Der 72-Jährige hat selbst drei Kinder und sechs Enkelkinder, sodass er auch der jungen Zielgruppe etwas mit seinem „Oldtimer Rap“ bieten möchte. Dazu setzt er sich Schildmütze und Sonnenbrille auf, wirft sein Hemd weg und präsentiert ein T-Shirt mit der Aufschrift „Fuck the System!“. Und während er vom „Steppen mit Prothesen“ singt, bewegt sich Spira ausgelassen auf der Bühne. Doch mit dem Stück „Omm ...“, das von Yoga und Selbstfindung handelt, kommt der Sänger wieder zur Ruhe.
Neben den humorvollen Stücken kommt auch Nachdenkliches nicht zu kurz, ob es das Gedicht „Von guten Mächten wunderbar geborgen“ von Dietrich Bonhoeffer ist oder das irische Segenslied „Möge die Straße uns zusammenführen“. Walter Spira bezeichnet sich als spirituellen Menschen, der abseits von Kirchen oder Organisationen daran glaubt, dass es noch etwas jenseits des Sichtbaren gibt.

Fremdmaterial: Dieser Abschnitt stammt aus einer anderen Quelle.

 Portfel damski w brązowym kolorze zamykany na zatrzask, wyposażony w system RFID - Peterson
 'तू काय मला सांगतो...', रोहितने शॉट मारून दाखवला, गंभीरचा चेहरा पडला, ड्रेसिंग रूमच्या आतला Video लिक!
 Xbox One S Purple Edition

Hommage an andere Liedermacher
Auch Stücke von anderen Liedermachern sind, textlich meist ein wenig verändert, hat er im Programm: „Gut wieder hier zu sein“ von Hannes Wader oder „Uschi, mach‘ kein Quatsch“ von Stephan Sulke, Spira ergänzt das Lied aber um den gemeinsamen Besuch eines Töpferkurses. Und natürlich hat er Lieder des großen Vorbilds Reinhard Mey mit dabei. Bei „Gute Nacht Freunde“ wird die Zigarette und das letzte Glas im Steh‘n ergänzt um eine Strophe für Nichtraucher: Eine Yogurette und zwei Snickers müssen für den Abschied genügen.

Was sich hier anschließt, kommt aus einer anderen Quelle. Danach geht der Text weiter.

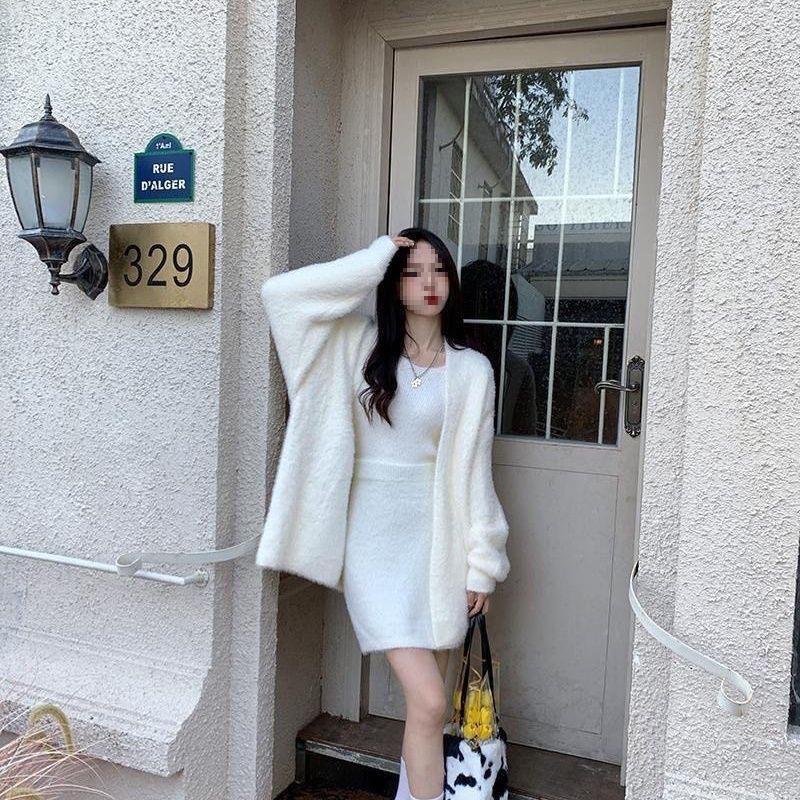 Women's Versatile Thickened Mink Cashmere Cardigan: Loose, Mid-Length Knit Sweater for Autumn and Winter.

Das Publikum war begeistert und spendete stehend langanhaltenden Applaus. Einladen kann man den Liedermacher auch zu Familienfeiern und insbesondere zu einem neuen Projekt: Auftritte in Seniorenheimen mit Stücken aus den 50er und 60er Jahren des vergangenen Jahrhunderts. Und wer Auftritte im Freien mag, kann sich die Aufführung im Neu-Ulmer Glacis Park für den 8. August vormerken unter dem Titel „Mitsingen strengstens erlaubt!“.